John Harbaugh delivered the commencement address at Miami University in Oxford, Ohio during the 2026 NFL offseason, his first since leaving the Baltimore Ravens after fifteen seasons to become head coach of the New York Giants. The appearance came roughly three months into a five-year contract worth approximately $60M guaranteed, per league sources familiar with the agreement.
The Giants announced the engagement through their official channels, framing it as part of Harbaugh's broader community and alumni commitments. Harbaugh graduated from Miami in 1984 with a political science degree and played defensive back under head coach Tim Rose. The university has invited him back four times since 2008, but this marks his first acceptance as an NFL head coach representing a new organization. His previous speaking engagements there occurred while he was still under Ravens employment.

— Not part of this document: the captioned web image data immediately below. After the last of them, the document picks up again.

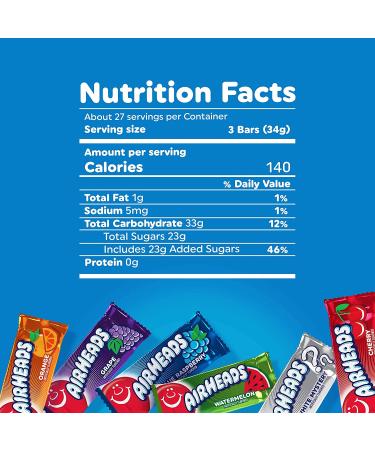 Airheads Candy Mini Bars  Assorted Fruit Flavors  Individually Wrapped  Non Melting  Party  Pantry 80ct Bag  Box of 4 Bags 80 Count (Pack of 4) - Buy Online on GoSupps.com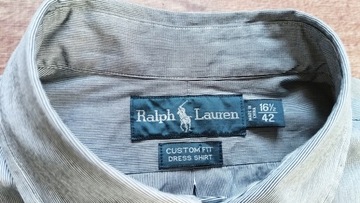 RALPH LAUREN Custom Fit Dress Shirt Koszula męska LOGO XXL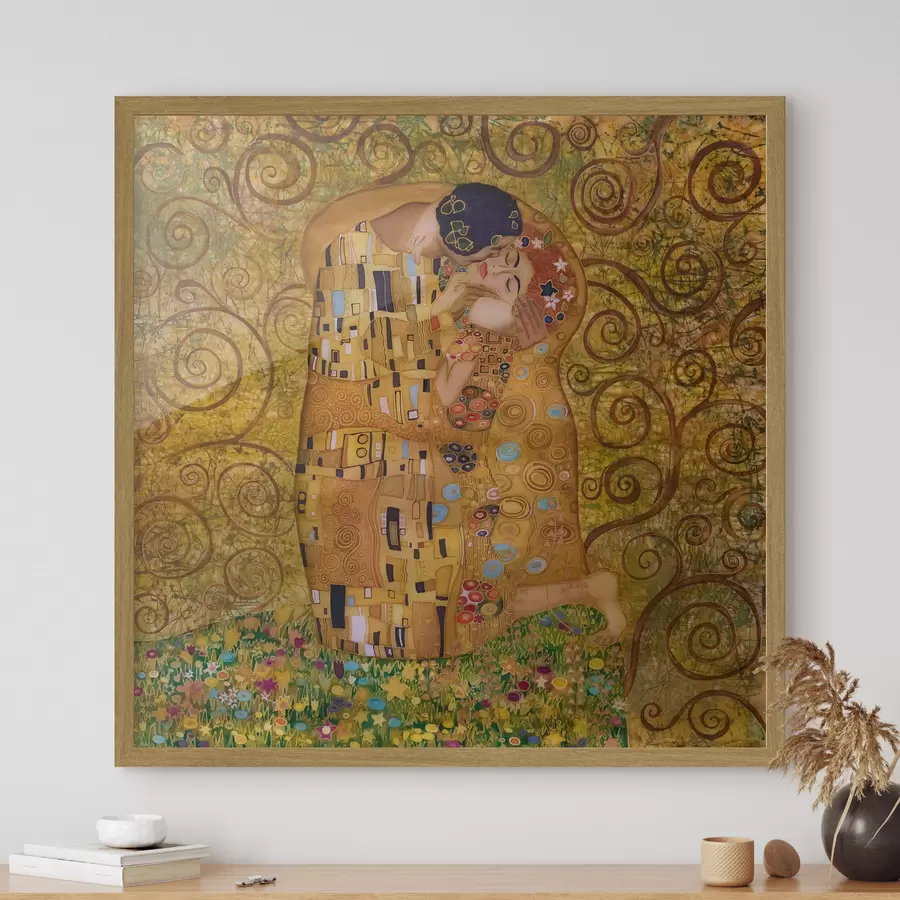 Fotobehang Omhelzing van liefde en tederheid f27031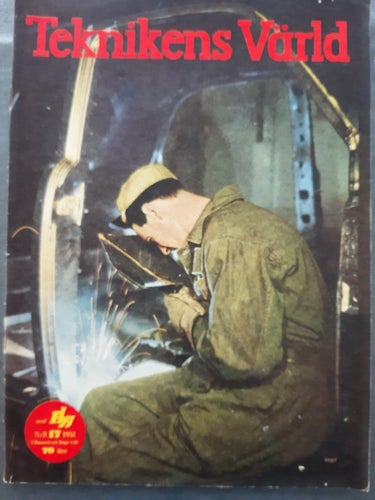 Teknikens Värld nr 17 1951: Triumph Thunderbird med sidovagn, turistbussar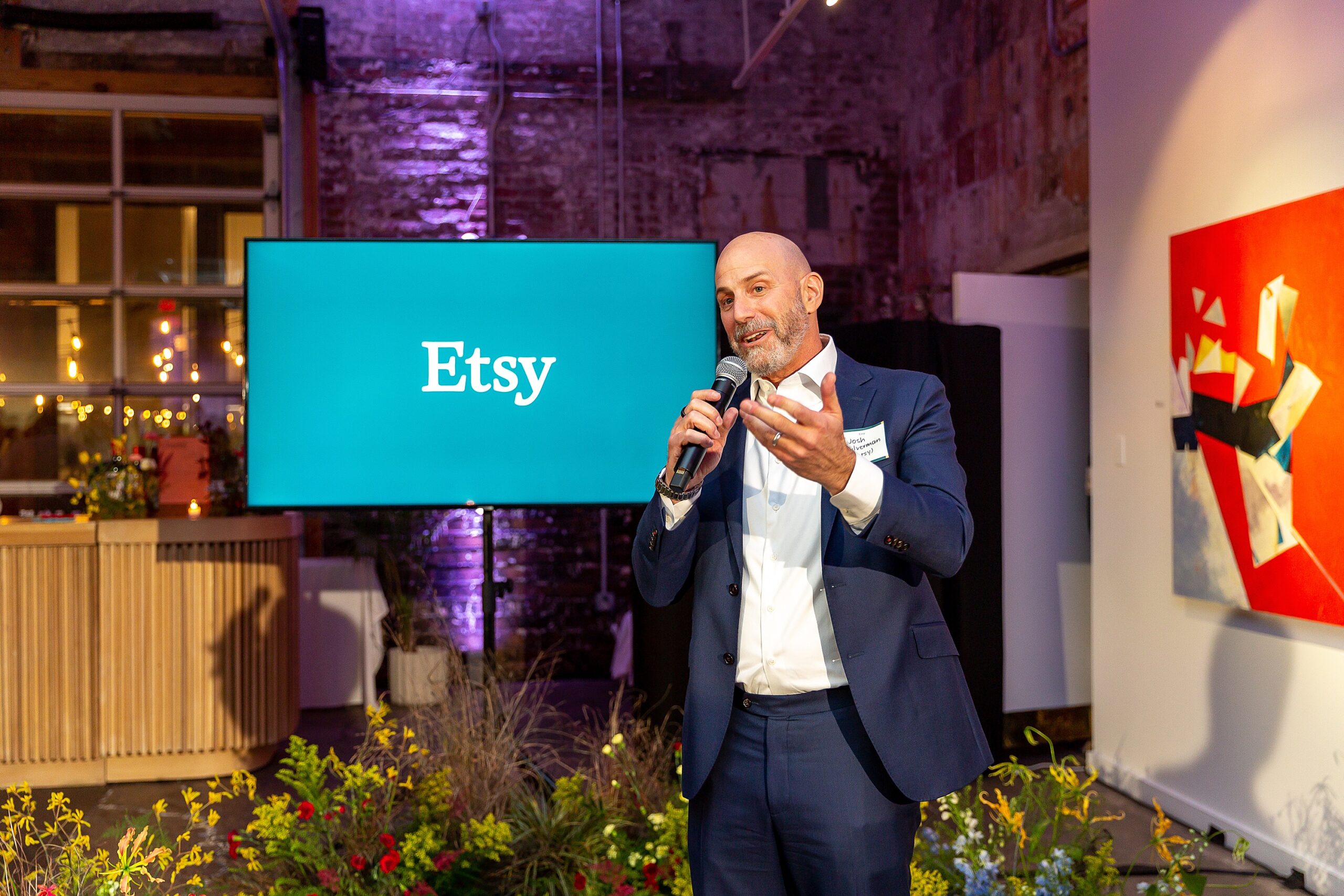 Etsy CEO gives remarks at event in Washington DC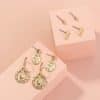 Temperament Roman Portrait Pendant Combination Set Ornament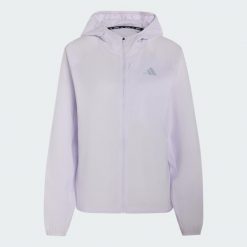 Kurtka adi365 Running Essentials. Fioletowe kurtki damskie Adidas, bez wzorów, z tkaniny, bez kaptura. Za 299.00 zł.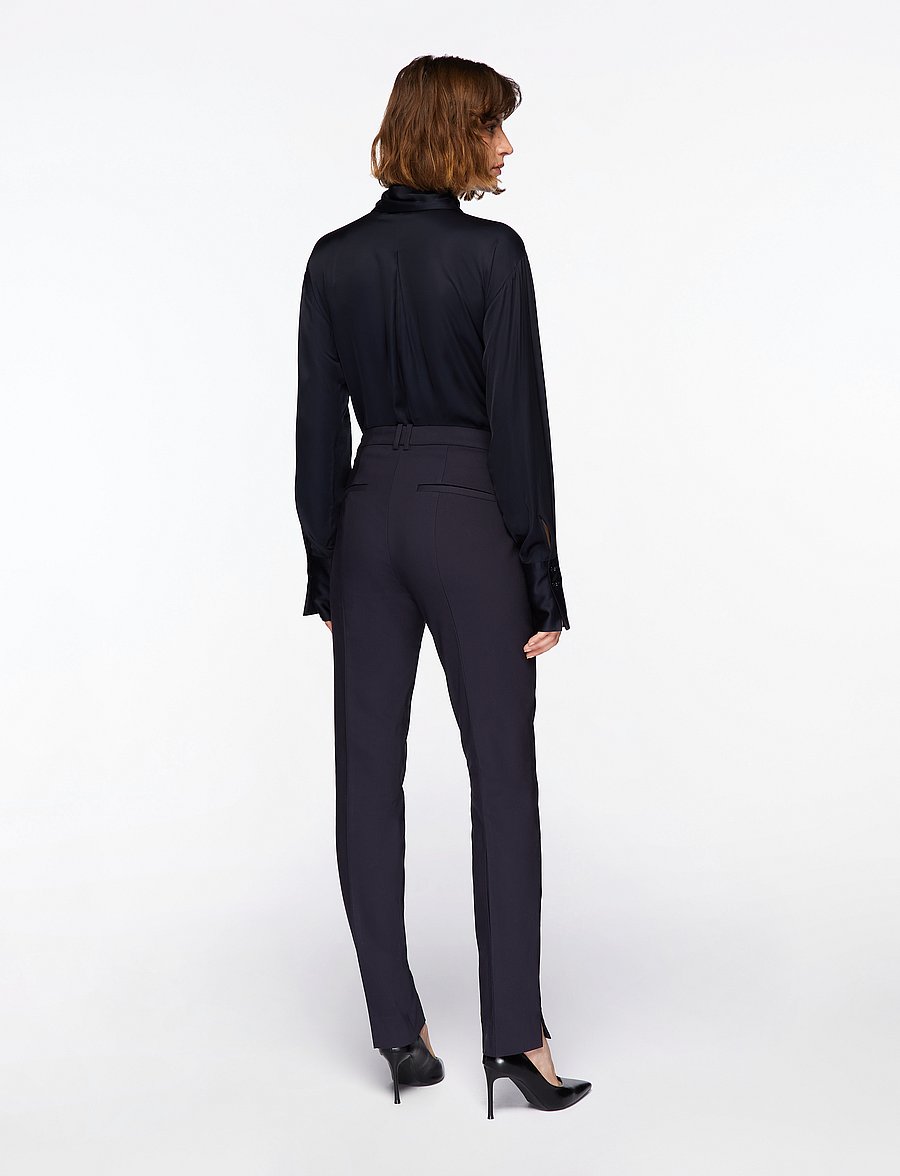 InWear - ZellaIW Long Pant - anzugshosen - marine blue - 4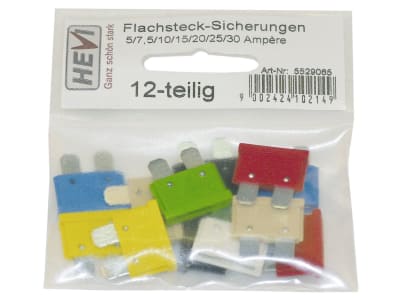 Hevi Sicherungssatz Flachstecksicherungen 10 St. Hevi Sicherungssatz Flachstecksicherungen 10 St.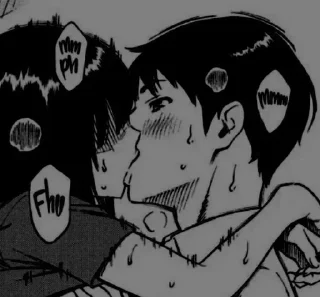 Телеграм стикер 🖤 Manga
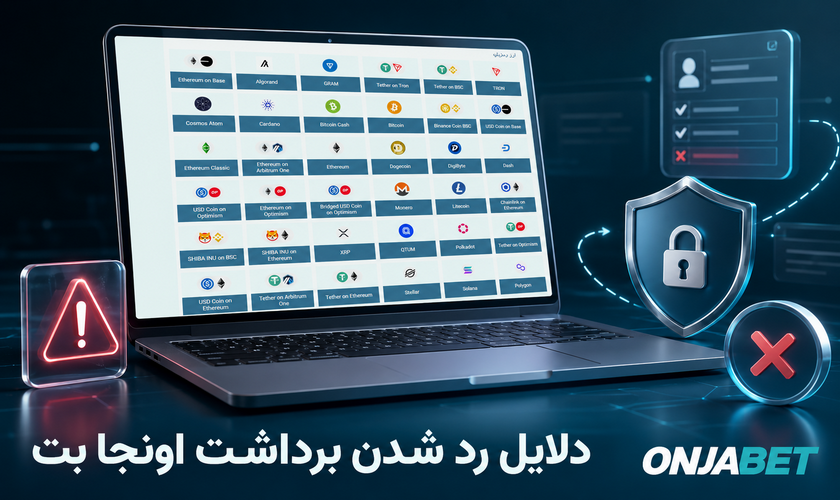 دلایل رد شدن برداشت از اونجا بت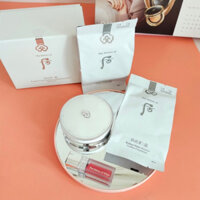 Sét Phấn nước Whoo dưỡng trắng da Radiant White tone up sun cushion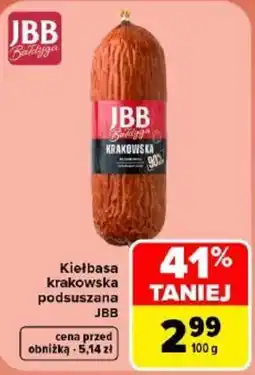 Carrefour Kiełbasa krakowska podsuszana JBB oferta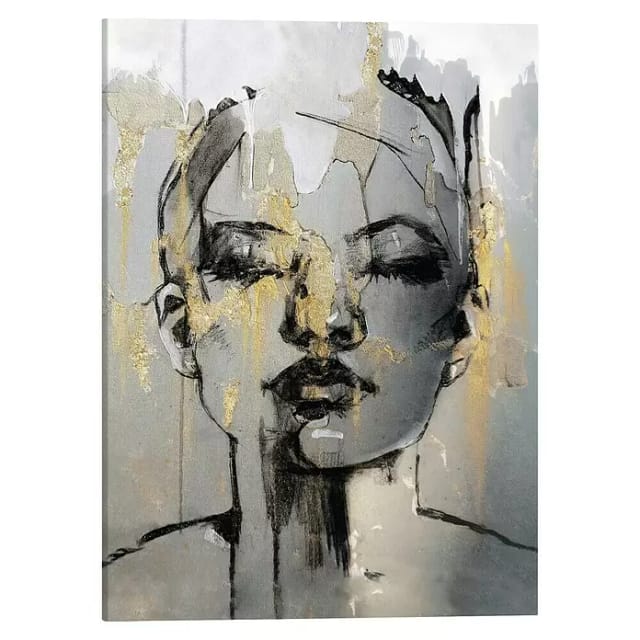 Reinders Leinwandbild Giclee on Canvas (Golden Face, B x H: 50 x 70 cm)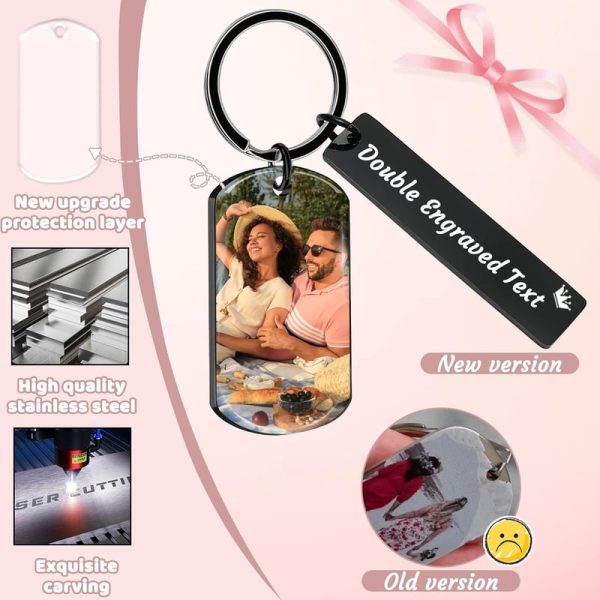 Best Custom Photo Keychain - Engraved Gifts For Couples - immagine 4
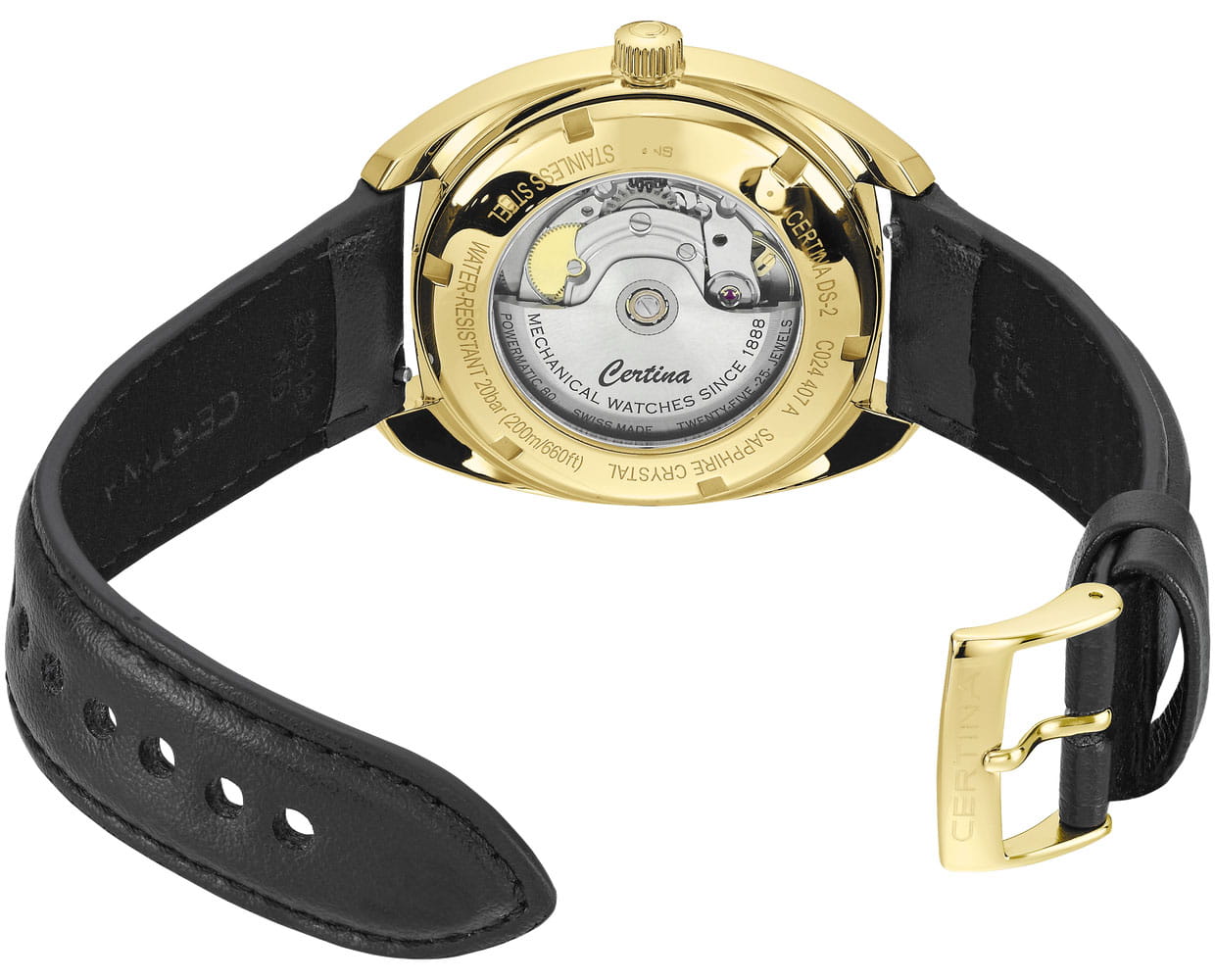 Certina Certina DS-2 C024.407.37.361.00 мужские часы  циферблат на запястье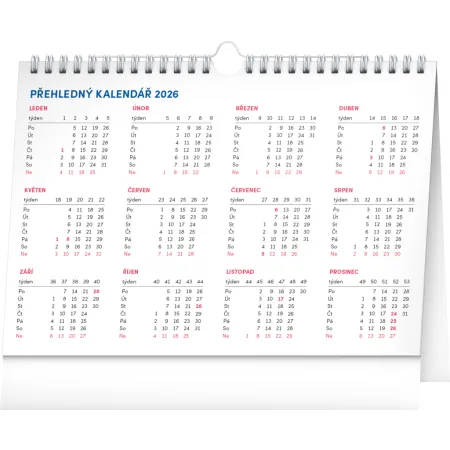 NOTIQUE Stolní kalendář s křížovkami s háčkem 2026, 30 x 21 cm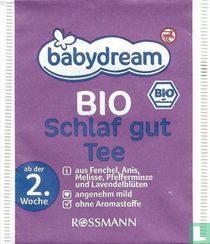 Babydream (Rossmann) teebeutel katalog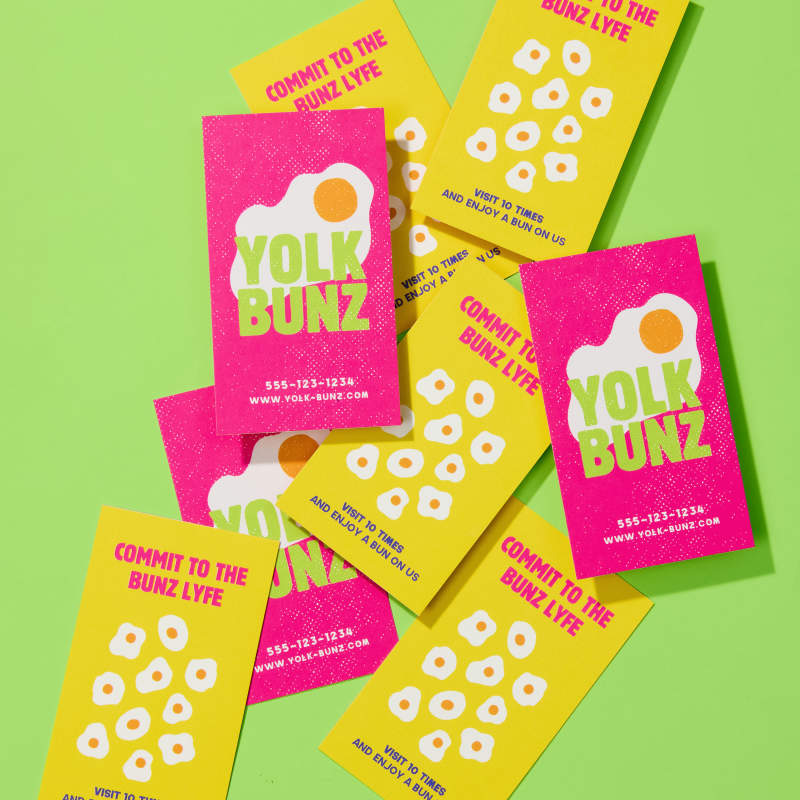 Custom Business Cards | Yolk Bunz Business Cards
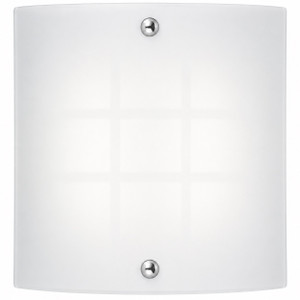 Volume V6628-33 - Brushed Nickel LED Indoor Wall Sconce with White Glass - 3000K 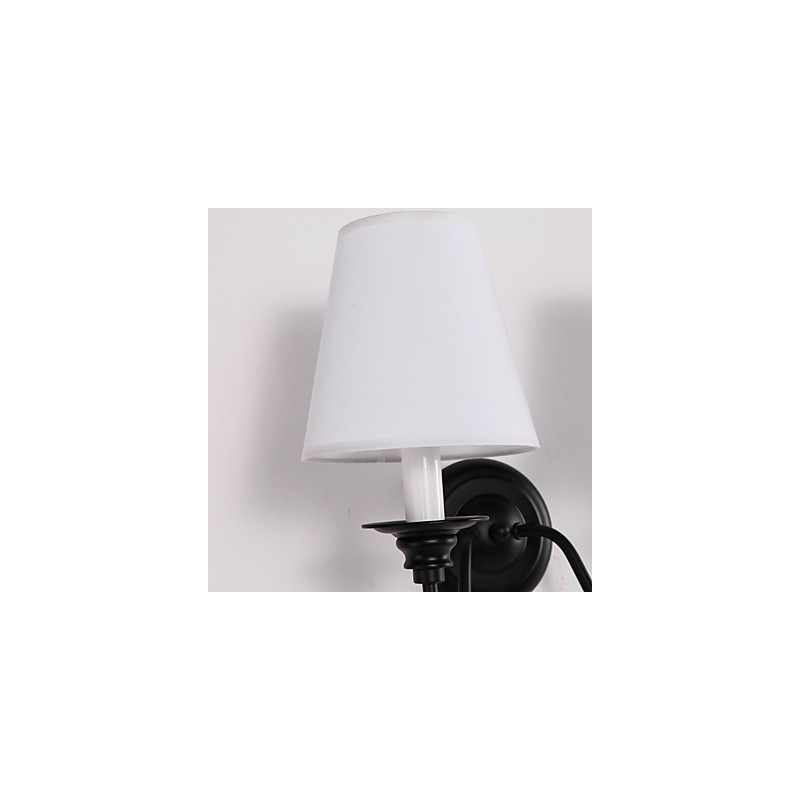 Apliques de pared con luz ambiental de estilo rústico Lodge con acabado en óxido negro para protección ocular.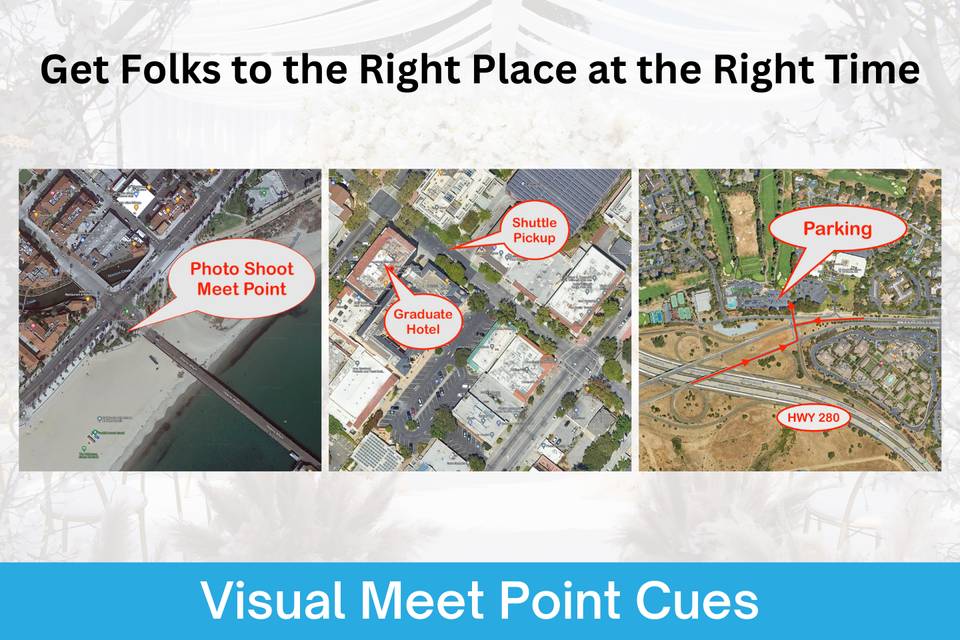 Pinpoint maps and meet points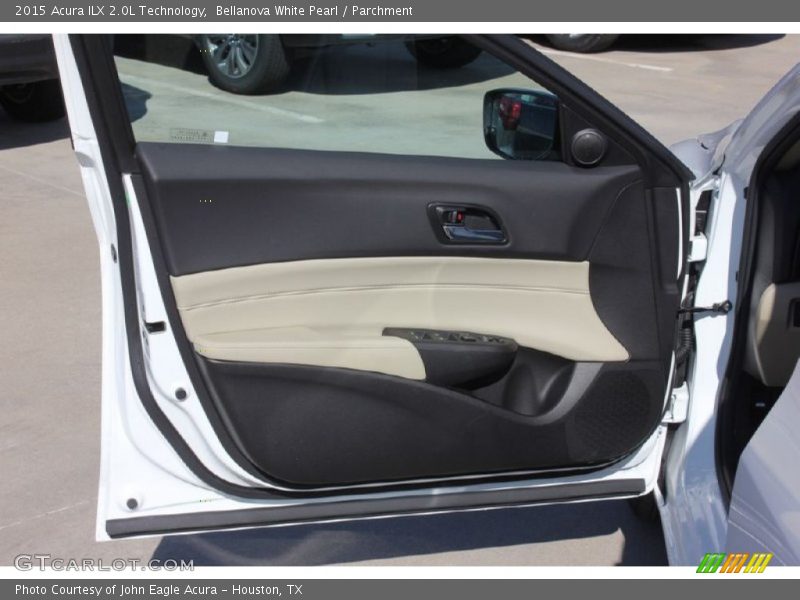 Bellanova White Pearl / Parchment 2015 Acura ILX 2.0L Technology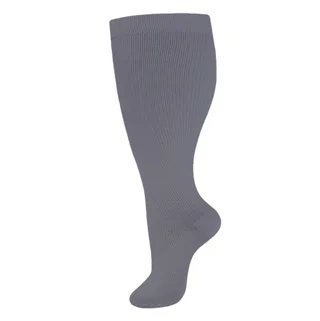 Plus-sized Sports High Elastic Plus-sized Long Tube Sports Calf Socks - Grey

The timing matters for what it signals about organizational bandwidth and culture installation. Harbaugh's offseason calendar has been unusually light on the clinic and sponsor circuit compared to first-year head coaches Brian Flores (Houston) and Mike Vrabel (New England), both of whom have already logged six paid appearances each at corporate events and coaching summits. Giants president John Mara has instead given Harbaugh wide latitude to select low-profile, values-oriented events that align with his stated preference for "building from principles, not publicity." That phrase appeared in Harbaugh's introductory press conference in January and has since become shorthand inside the organization for his personnel philosophy: character evaluation ahead of combine metrics.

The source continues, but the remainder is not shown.